Transfers in football are one of the craziest aspects of the modern global behemoth the sport has become. Before the days of the two transfer windows, transfers could be made any time during a season. With the advent of the transfer window, the rumor-mongering, speculation, and activity has been concentrated into 16 weeks of absolute madness.
The Great DiegoDiego Maradona is the only player to have broken the world record for transfers twice, first moving to Barcelona in 1982, for USD 7.6 million, and then to Napoli in 1984, for USD 10.5 million.
From the days of Giuseppe Savoldi becoming the first player to cost more than a million pounds in 1975, we have now come to a time when transfer records are dangerously close to the 100 million pound mark, having crossed the USD 100 million barrier a long time ago! This incredible rise has occurred due to the constant inflation and the influx of TV money into domestic leagues in the late 20th century.
Transfers are also shrouded in the uncertainty regarding the amounts paid to external agencies, such as the player's agents, third-party ownerships, etc. This makes calculating the exact cost of a player quite difficult.
According to a Forbes compilation, three transfers have exceeded the 100 million dollar mark when adjusted for inflation. Two of them were made in the same transfer window! Here are the costliest transfers in soccer history.
The transfers have been listed according to their non-inflation-adjusted value in Euro, with non-inflation-adjusted values in USD provided in brackets.
From: Tottenham Hotspur
To: Real Madrid
Transfer Fee: Euro 100 million (USD 132 million) in 2013
The 2013 summer transfer window saw quite a few club records, 1 league record, and the world record smashed. The top trump among the already overflowing pack of aces was the Welsh wing wizard, Gareth Bale.
Almost unbelievably, Gareth Bale started his professional career as a defender, utilizing his pace at left back. When he moved to Tottenham Hotspur from Southampton in 2007, he was gradually converted into a left winger, the position he currently occupies.
He is renowned for his supreme athleticism, combining blistering speed with a surprisingly sturdy frame, long distance shooting, and dead ball prowess. The 2013 season, his last for Tottenham, was, statistically, by far the best season of his career. He scored 55 goals in 203 games for Tottenham, and by moving to Real Madrid, linked up with the next candidate in this list.
From: Manchester United
To: Real Madrid
Transfer Fee: Euro 94 million (USD 130 million) in 2009
One of the best footballers ever to grace the game, and the heartthrob of almost every woman in the world, Cristiano Ronaldo made history in 2009 by commanding an GBP 80 million fee. This was the most expensive transfer in soccer until then, and, adjusted for inflation, remains the costliest at USD 140 million.
Ronaldo was educated at the Sporting Lisbon youth academy, which also trained legends such as Luis Figo. He was bought by Manchester United from Sporting, after they sold David Beckham to Real Madrid, and, despite initial misgivings, went on to cement his place among United's all-time greats.

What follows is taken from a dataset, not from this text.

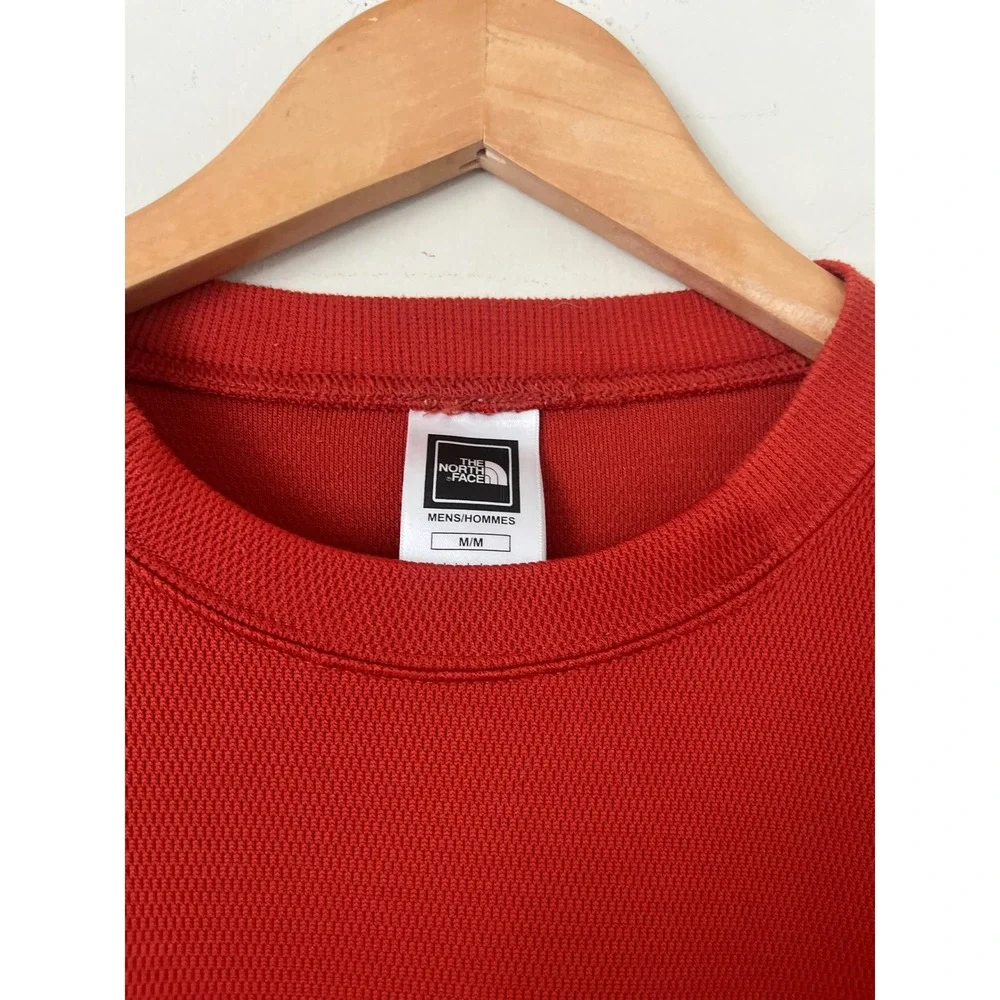 The North Face Mens Red VaporWick Long Sleeve Performance Shirt M Base Layer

Like Bale, Ronaldo is a supremely fit athlete. He is also considered one of the best all-round forwards ever to play the game. He is extremely quick, and is an expert shooter, passer, crosser, dribbler, and header of the ball. He is also able to play well with either foot, unlike most footballers.
Since joining Real, Ronaldo has been one of the most prolific forwards in the game, having scored 202 goals in 202 games (at the time of writing) for the prestigious Madrid Meringues. This is the highest goals-to-games ratio in the history of the proud club.
To: Real Madrid
Transfer Fee: Euro 75 million (USD 65 million) in 2001
Universally regarded as one of the best footballers ever, Zidane broke the world transfer record when he moved to Spanish powerhouse Real Madrid in 2001. The World Cup- and Euro-winning French legend went on to win numerous trophies for Real Madrid, including the 2002 Champions League, where Zidane himself scored an iconic winner in the final.
Zidane is one of the few players to have scored two goals in a World Cup final; he scored a brace in the 1998 World Cup final to help France win the trophy on home soil.
Zidane's transfer is still the third most expensive ever when converted into Euros.
From: Inter Milan
Transfer Fee: Euro 69 million (USD 102 million) in 2009
Ibrahimović is one of the most successful nomads in soccer, having played for 7 clubs in 5 countries. Despite the high fee, his 2009 transfer to Barcelona, remarkably, did not beat the world record, since Cristiano Ronaldo had been signed by Real Madrid earlier in the same window. Despite the heavy outlay to sign the striker, he didn't fit tactically into Pep Guardiola's Barcelona, and frequently clashed with the coach.
He is an excellent traditional "no. 9", excelling in holding up the ball and distributing it intelligently. He is also an accomplished goal scorer, and has been his club's top scorer for the last two seasons. His height, strength, and taekwondo training also allow him to out muscle defenders, and score numerous headers.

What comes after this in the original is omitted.